Jesús, sin embargo, no se enfada, ni le riñe, ni se aparta de él. Y lo primero que hace es extender la mano y «tocarle». Empieza por restablecer el contacto humano. Primero físico, y luego de palabra. «Quiero».
+ Quiero que no percibas a Dios como alguien que te excluye ni te deja solo.
+ Quiero que sepas que el Reino también es para ti.
+ Quiero que te veas con derecho a formar parte de la comunidad humana.
+ Quiero que les conste a los sacerdotes que el proyecto y la voluntad de Dios es sanar, acoger, incorporar, incluir.
+ Quiero que la Ley de Dios (= Dios) deje de usarse como instrumento de marginación.
+ Quiero, al tocarte y hablar contigo, que te reconozcas como persona, y quedes sanado por dentro y por fuera.
+ Quiero tocarte... aunque eso signifique que quedar yo «tocado», excluido, manchado, «impuro» y ya no pueda entrar abiertamente en ningún pueblo...
Acercarse a los que están mal, a los que lo pasan mal, a los que no se valoran a sí mismos, a los que están «corrompidos» por dentro o por fuera, aun a riesgo de que nuestro prestigio, nuestra salud, nuestras ventajas... queden «tocadas»... es tarea de los discípulos de Jesús, de la Iglesia entera. Ir a los que no tienen papeles, a los que están desahuciados, a los parados de larga duración, a los que no tienen preparación para conseguir trabajo, o no tienen salud, o no viven conforme a la moral cristiana, o les faltan los «papeles», o...
Ha escrito el Papa Francisco:
El cristiano sabe que siempre habrá sufrimiento, pero que le puede dar sentido, puede convertirlo en acto de amor, de entrega confiada en las manos de Dios, que no nos abandona y, de este modo, puede constituir una etapa de crecimiento en la fe y en el amor… La luz de la fe no nos lleva a olvidarnos de los sufrimientos del mundo. ¡Cuántos hombres y mujeres de fe han recibido luz de las personas que sufren! San Francisco de Asís, del leproso; la Beata Madre Teresa de Calcuta, de sus pobres. Han captado el misterio que se esconde en ellos. Acercándose a ellos, no les han quitado todos sus sufrimientos, ni han podido dar razón cumplida de todos los males que los aquejan. La luz de la fe no disipa todas nuestras tinieblas, sino que, como una lámpara, guía nuestros pasos en la noche, y esto basta para caminar.
Al hombre que sufre, Dios no le da un razonamiento que explique todo, sino que le responde con una presencia que le acompaña, con una historia de bien que se une a toda historia de sufrimiento para abrir en ella un resquicio de luz. En Cristo, Dios mismo ha querido compartir con nosotros este camino y ofrecernos su mirada para darnos luz. Cristo es aquel que, habiendo soportado el dolor, «inició y completa nuestra fe» (Hb 12,2).

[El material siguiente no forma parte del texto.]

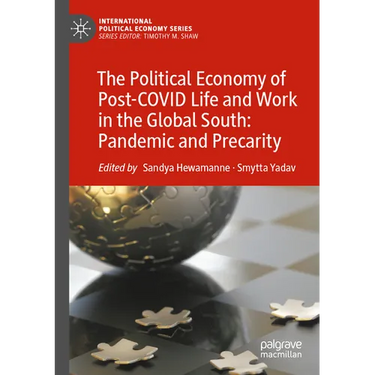 The Political Economy of Post-Covid Life and Work in the Global South: Pandemic and Precarity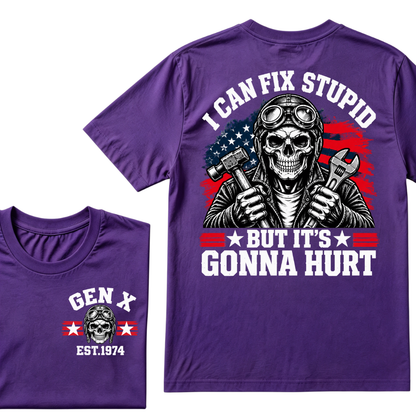 I Can Fix Stupid But It's Gonna Hurt Gen X EST.Year Funny Mechanic Quote Graphic Tee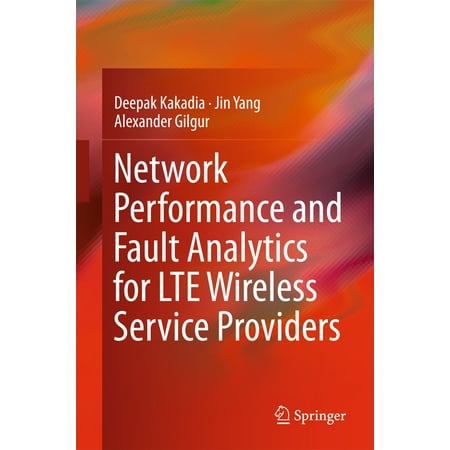 Network Performance and Fault Analytics for LTE Wireless Service Providers -
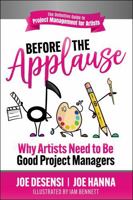 Before the Applause: Why Artists Need to Be Good Project Managers 1948238489 Book Cover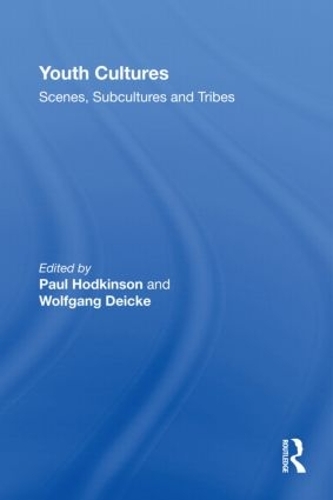 Бумажная книга «Youth Cultures: Scenes, Subcultures and Tribes» - фото №1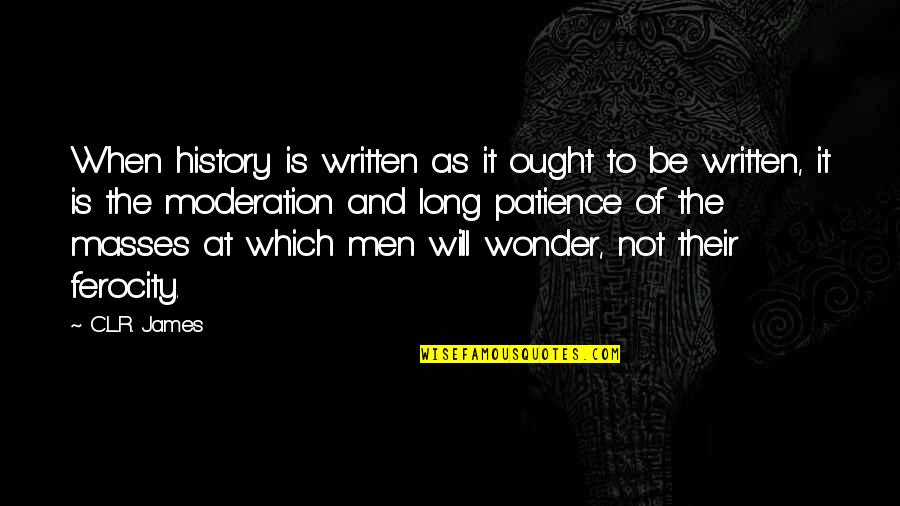 Ferocity Quotes By C.L.R. James: When history is written as it ought to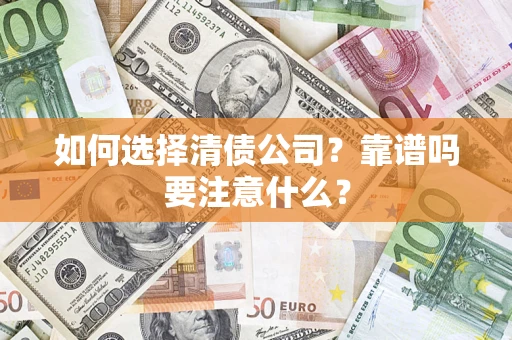 武汉如何选择清债公司？靠谱吗要注意什么？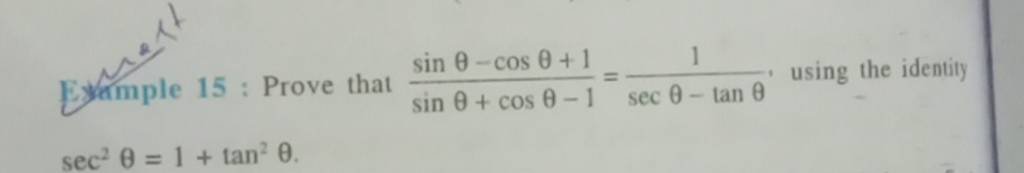 Example 15 Prove That Sinθcosθ−1sinθ−cosθ1 Secθ−tanθ1 Using The Id 8398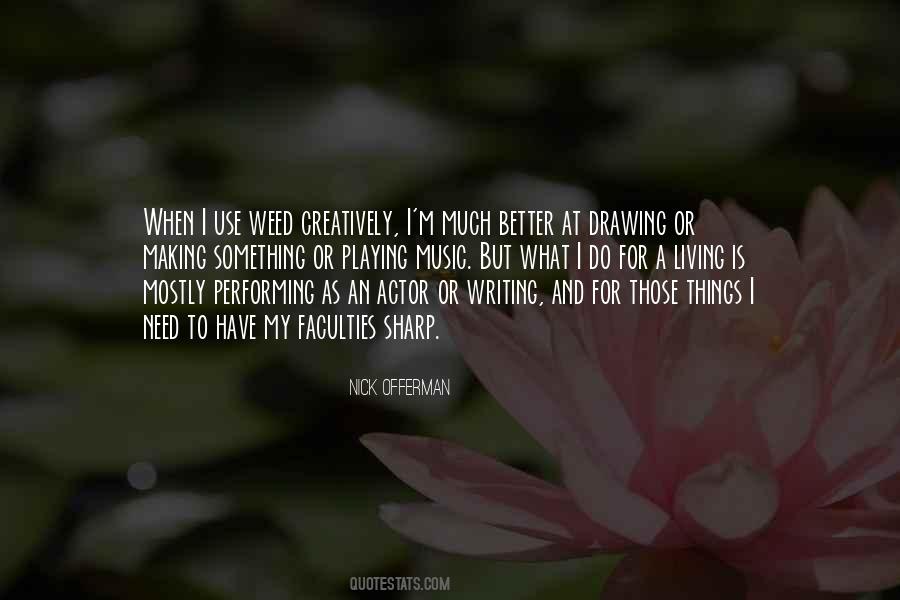 Quotes About Living Creatively #136018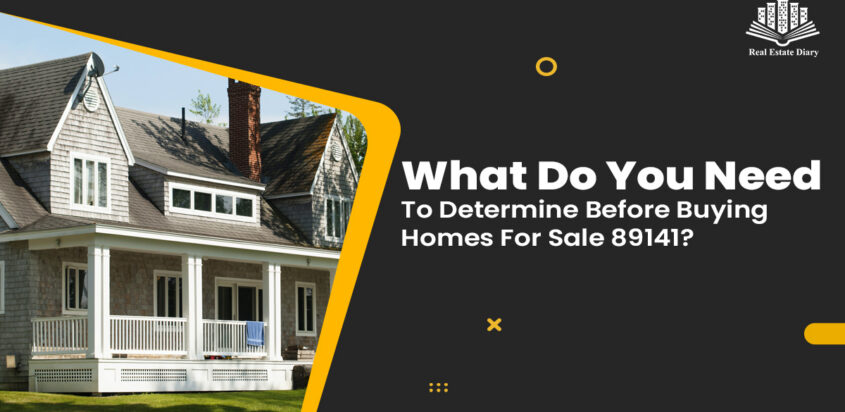 What Do You Need To Determine Before Buying Homes For Sale 89141?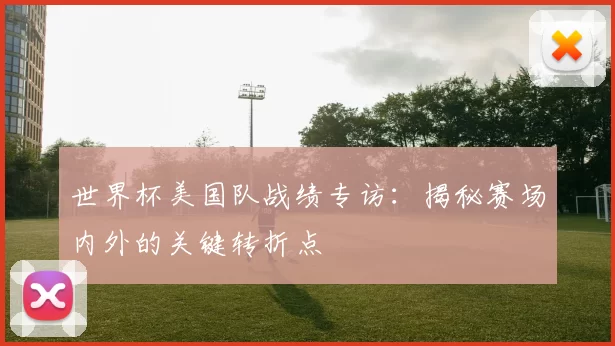 世界杯美国队战绩专访：揭秘赛场内外的关键转折点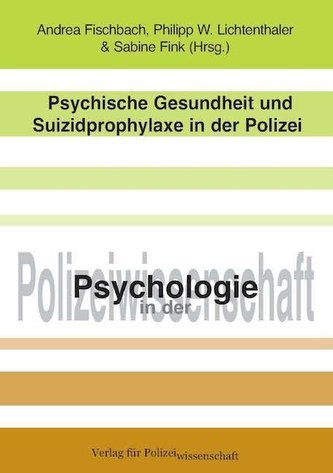 Psychische Gesundheit und Suizidprophylaxe in der Polizei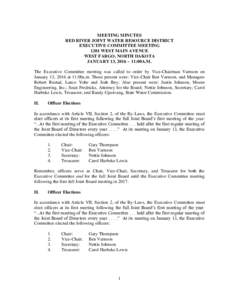 MEETING MINUTES RED RIVER JOINT WATER RESOURCE DISTRICT EXECUTIVE COMMITTEE MEETING 1201 WEST MAIN AVENUE WEST FARGO, NORTH DAKOTA JANUARY 13, 2016 ~ 11:00A.M.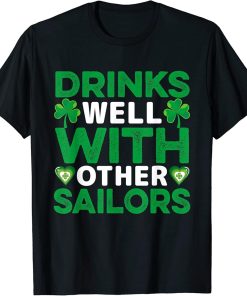 Funny Drinks Well With Other Sailors - Shamrock Patricks Day T-Shirt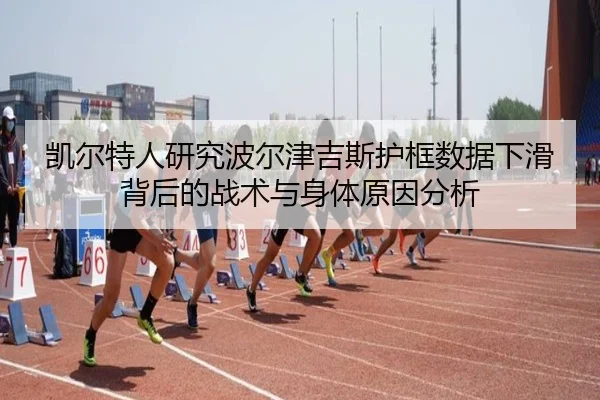 凯尔特人研究波尔津吉斯护框数据下滑背后的战术与身体原因分析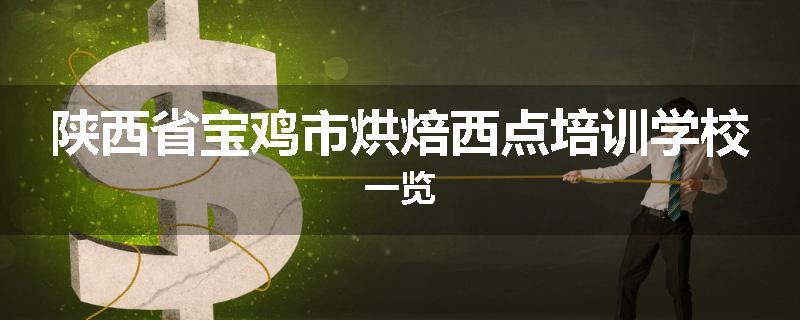 陕西省宝鸡市烘焙西点培训学校一览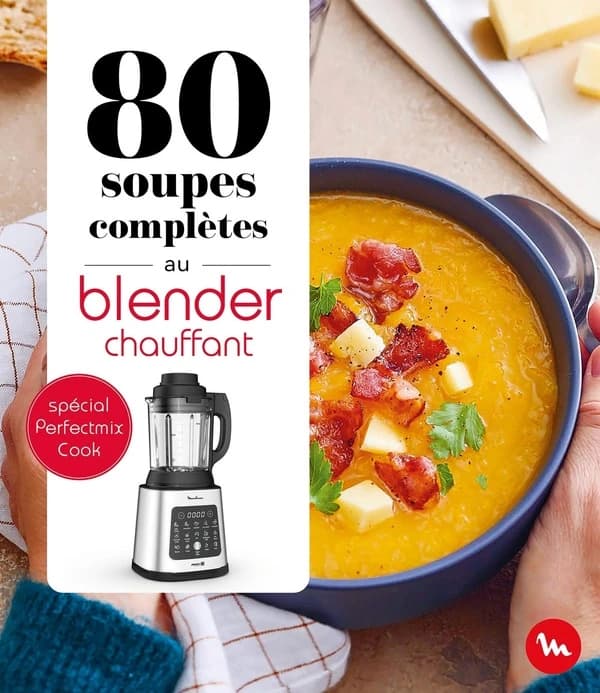 80 soupes complètes au blender chauffant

Encíclica “Lumen fidei / La Luz de la fe”, § 56-57
Este Evangelio es una invitación a mancharnos, a conocer de primera mano el dolor y la frustración de tantos. Quizá muchos ya no se nos acerquen, o quizá sí: Pero de una manera o de otra, nos están diciendo: «Si quieres... puedes limpiarme». Tal vez no podamos realmente limpiarle, pero que al menos cuenten con una presencia que acompaña, con una lámpara que les ayude a caminar. Que no se queden solos.